So without further ado let’s get going.

Step 1: Dimension and measure parameterisation

Set up 3 calculations, 2 for your dimensions and 1 for your measure. It’s useful down the line to reference these in case you want to change which dimensions you want in the view part way through building and you can edit the calcs rather than fiddling with “replace references”. In my example I used these calculations where [Select Dimension 1] and [Select Dimension 2] are parameters I made to fit the case statement:

Dimension 1

CASE [Select Dimension 1]
WHEN 1 THEN [Region]
WHEN 2 THEN [Category]
WHEN 3 THEN [Sub-Category]
WHEN 4 THEN [Segment]
WHEN 5 THEN [Ship Mode]
END

Dimension 2

CASE [Select Dimension 1]
WHEN 1 THEN [Region]
WHEN 2 THEN [Category]
WHEN 3 THEN [Sub-Category]
WHEN 4 THEN [Segment]
WHEN 5 THEN [Ship Mode]
END

Chosen Measure

[Sales]

Step 2: Create a frame for data densification

Comparing our measure to the fixed min of the measure we can ensure two data points to hang our data densification from.

Path Frame

IF [Chosen Measure] = {FIXED : MIN([Chosen Measure])} THEN 0 ELSE 97 END

Path Frame (bin)

For this create bins of size 1 from Path Frame

 

Step 3: Index

Path Index

Index()

This is computed along Path Frame (bin) and allows us to do calculations across the Path Frame range.

Step 4: Sigmoid set up

First we have a variable, T, and then the sigmoid curve is calculated using it.

T

IF [Path Index] < 50
THEN (([Path Index]-1)%49)/4-6
ELSE 12 - (([Path Index]-1)%49)/4-6
END

Sigmoid

1/(1+EXP(1)^-[T])

Step 5: Sankey arm sizing

This gives us the size of each Sankey arm as a percentage of the full data set.

Sankey Arm Size

SUM([Chosen Measure])/TOTAL(SUM([Chosen Measure]))

Step 6: Top line calculations

This method requires separate lines for the top and bottoms of each Sankey arm and throughout these calculations “Position 1” will refer to Dimension 1 on the left hand side and “Position 2” to Dimension 2 on the right.
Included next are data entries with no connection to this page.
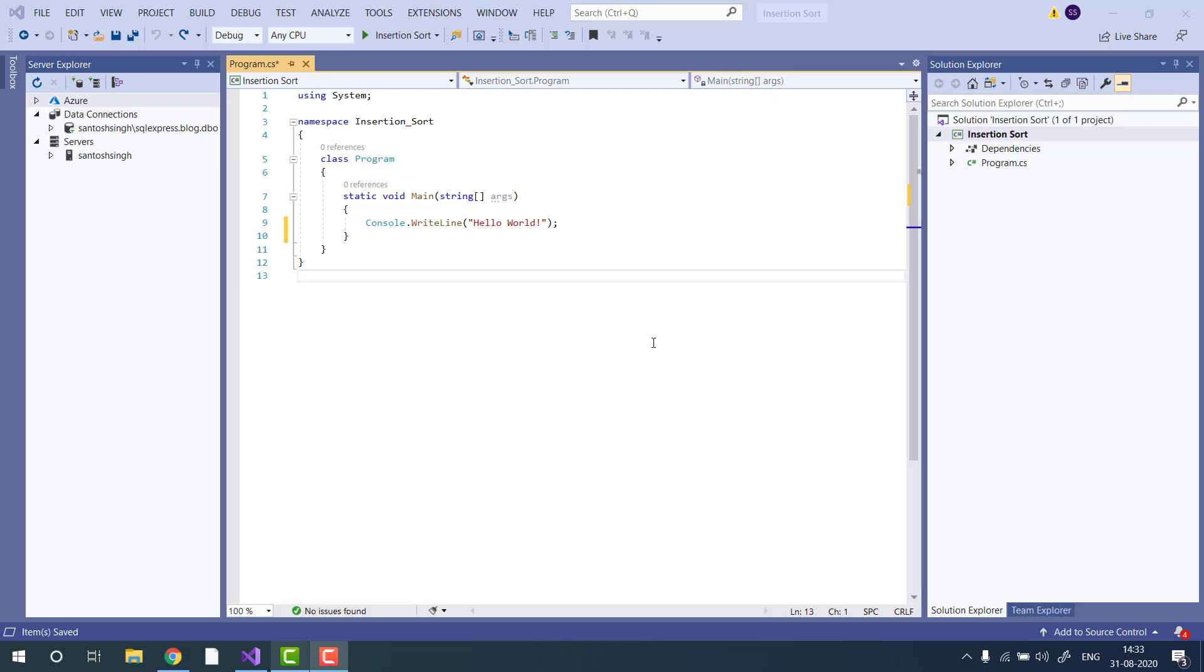Hello guys, in this video tutorial I will show you how to implement insertion sort in C sharp.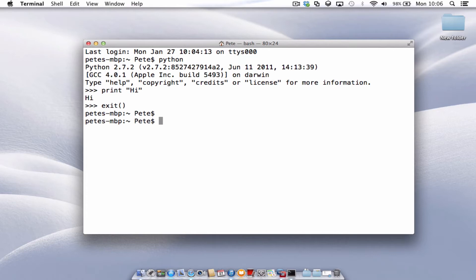If we want to create a new file and save that file and run it, all we have to do is type in Pico, P-I-C-O, and then let's say hello.py as the file name.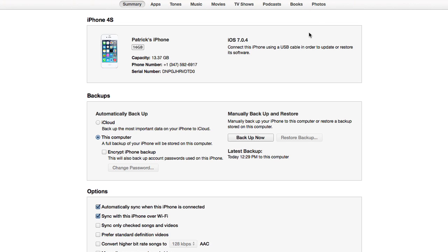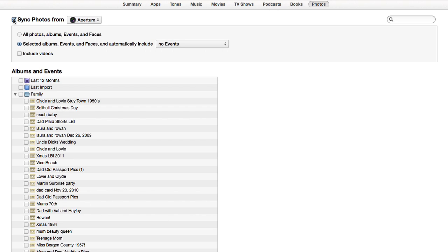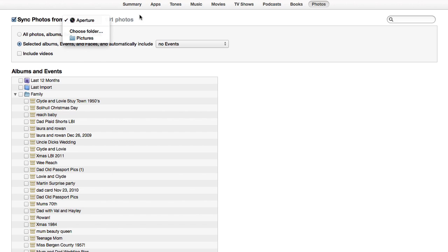So when you're in iTunes, you're going to look for the photos tab. You're then going to select the sync button, and you can then sync all your photos from iPhoto, or you can select specific albums.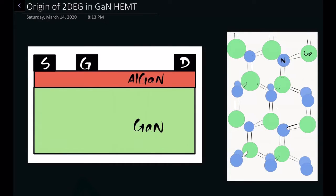Hi all, this is Joel from Making Sense. Today's lecture will be on the origin of two-dimensional electron gas in gallium nitride / aluminum gallium nitride HEMT, or what we know as high electron mobility transistor.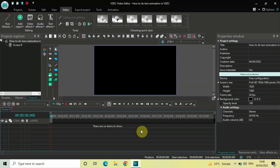Hey guys, welcome back to Next-Gen Blog. In this video I want to show you how to do text animation in VSTC free video editor. It's actually super easy to do text animation in VSTC, so without further delay let's get started. This is the fourth episode of text animation, and if you want you can watch the previous three episodes — I will give the link in the description box below.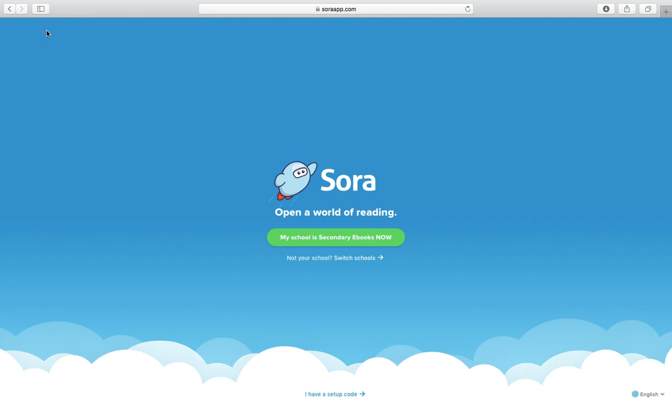Hi everyone, today I'm going to be telling you about the Sora app. We're dead excited about this. The Sora app is an online reading platform — basically an online library where you can access thousands of titles from loads of different genres.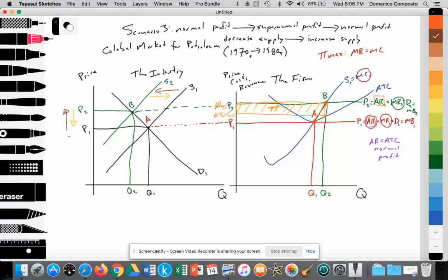As a result of individual firms generating supernormal profit, this wakes up competition and attracts more competing oil extracting firms into the industry. Over the years, more and more firms enter, so supply increases from S2 back to S1, which leads to a decrease in price. Where S1 now equals D1, it sets a new equilibrium price at P1. Price has fallen from P2 back to P1, and quantity supplied and demanded has increased from Q2 to Q1 at point A. That establishes the perfectly elastic price the individual firm must accept at P1, and following profit maximization, the firm decreases quantity supplied from point B to A. At point A, the firm is back to generating normal profit because AR equals ATC.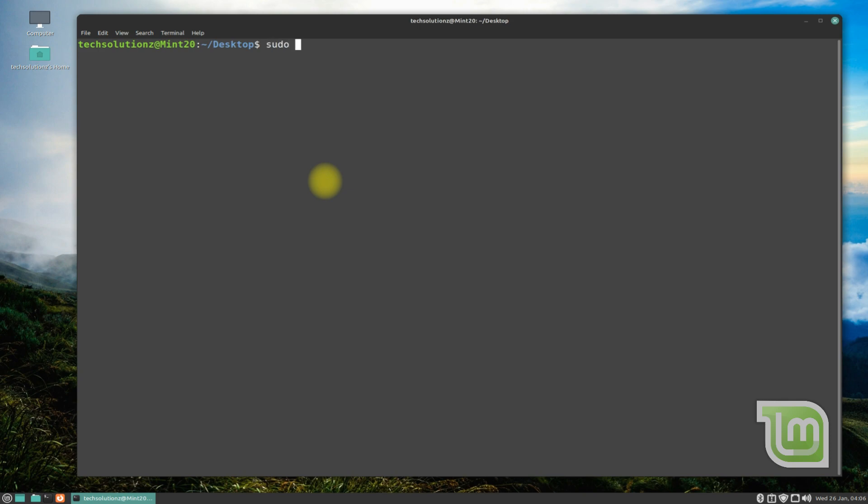It is always advised to update your Linux distro before installing anything on it.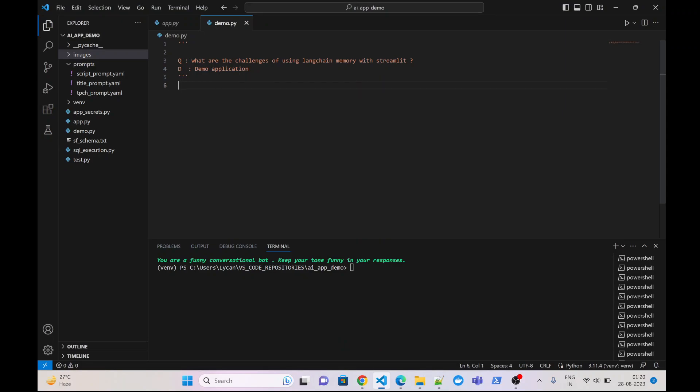Hello friends, welcome to my channel. Today in this video tutorial we will see what are the challenges of using LangChain memory with a Streamlit application and how to overcome that. We will be seeing all the solutions within two parts in this video. In the first part we will simply implement the memory and see whether it is working, and then we will append the code to use it in the Streamlit application. Let us quickly develop our application.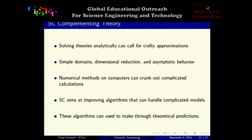Finally, scientific computing can complement theory. In science, very complicated models are developed to capture natural phenomena, and solving them analytically requires crafty approximations such as reducing dimensions or examining asymptotic behavior near infinity or zero. These approximations give insight but don't capture the full picture. With a numerical method, you can crank out the whole solution for the whole model on the computer — a numerical method works like a hammer and the world's a nail. In scientific computing, we aim to improve these algorithms to handle more complicated models and solve them thoroughly.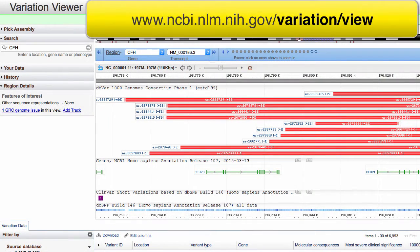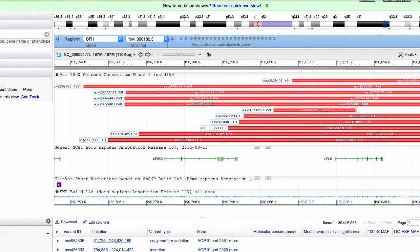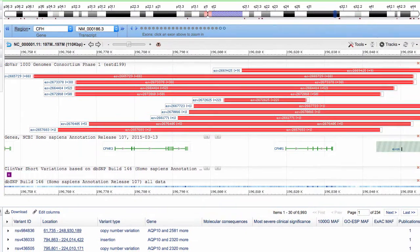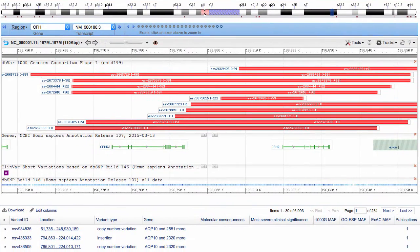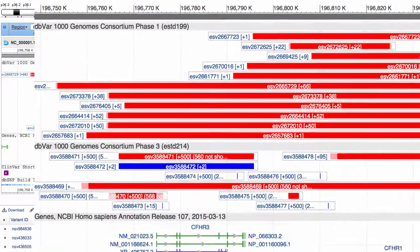Let's start in the Variation Viewer with this view of Human Chromosome 1. I'll move over to the Sequence Viewer section of this page, and focus on this copy number variant.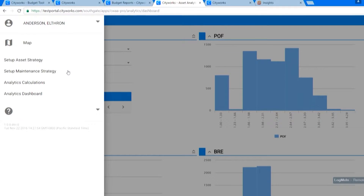The CityWorks Insights app is made of four components: the setup asset strategy, the setup maintenance strategy, analytics calculations, and the analytics dashboard.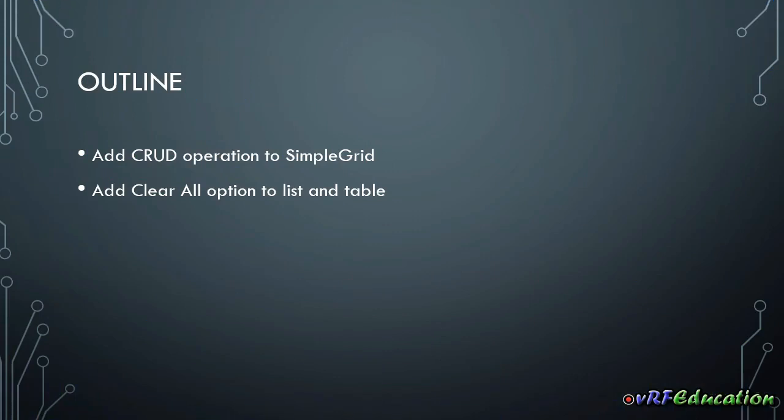Hi there, this is Vahid from VR Federation channel and it is the fourth session of creating GUI for Python application automatically with just one line of code.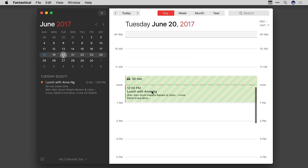Fantastical will now combine identical events that are duplicated across multiple shared calendars.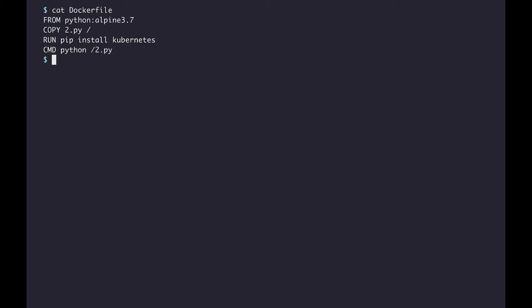This is the docker file I will be using. It uses a python alpine image, copies a script, installs the Kubernetes package, and runs a script.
Here are the calculations for the tops:

Max Position 1

RUNNING_SUM([Sankey Arm Size])

Max Position 1 Wrap

WINDOW_SUM([Max Position 1])

Max Position 2

RUNNING_SUM([Sankey Arm Size])

Max Position 2 Wrap

WINDOW_SUM([Max Position 2])

Step  7: Bottom line calculations

These calculations help generate the bottom lines:

Max for Min Position 1

RUNNING_SUM([Sankey Arm Size])

Min Position 1

RUNNING_SUM([Max for Min Position 1])-[Sankey Arm Size]

Min Position 1 Wrap

WINDOW_SUM([Min Position 1])

Max for Min Position 2

RUNNING_SUM([Sankey Arm Size])

Min Position 2

RUNNING_SUM([Max for Min Position 2])-[Sankey Arm Size]

Min Position 2 Wrap

WINDOW_SUM([Min Position 2])

Step 8: Sankey polygon calculation

This calculation brings together all of the above once set up correctly. The table calculation set up itself will come in later steps.

Sankey Polygons

IF [Path Index] > 49
THEN [Max Position 1 Wrap]+([Max Position 2 Wrap]-[Max Position 1 Wrap])*[Sigmoid]
ELSE [Min Position 1 Wrap]+([Min Position 2 Wrap]-[Min Position 1 Wrap])*[Sigmoid]
END

Step 9: Prepare the sheet

Put Path Frame (bin) onto Rows, then right click it and select “show missing values” as below

 

This should give you something like below.  This is the step that enables our data densification within Tableau.

Then move Path Frame (bin) to detail and add Dimension 1 and Dimension 2 to detail too. Next, put [T] on Columns and calculate it along Path Frame (bin).  Finally change mark type to Polygon, and add [Path Index] to path and calculate it along Path Frame (bin). This should leave you with something like this:

Step 10: Add Sankey polygons

Add [Sankey Polygons] to Rows. This is going to look a bit messy until it is calculated correctly across all nested calculations.

This first image shows all of the nested calculations involved and we need to go through each one setting them up correctly.

Below I’ve shown the settings for each of the 12 nested calculations to make this work. If it doesn’t look right at the end, make sure that not only the correct fields are ticked in each box but that they’re ordered correctly as well.

 

Now hopefully you have something that looks like this! (If not go back and check each table calculation step carefully)

Step  11: Dashboarding

Now we’re ready to put this onto a dashboard with stacked bars either side for dimensions 1 and 2 to complete our Sankey.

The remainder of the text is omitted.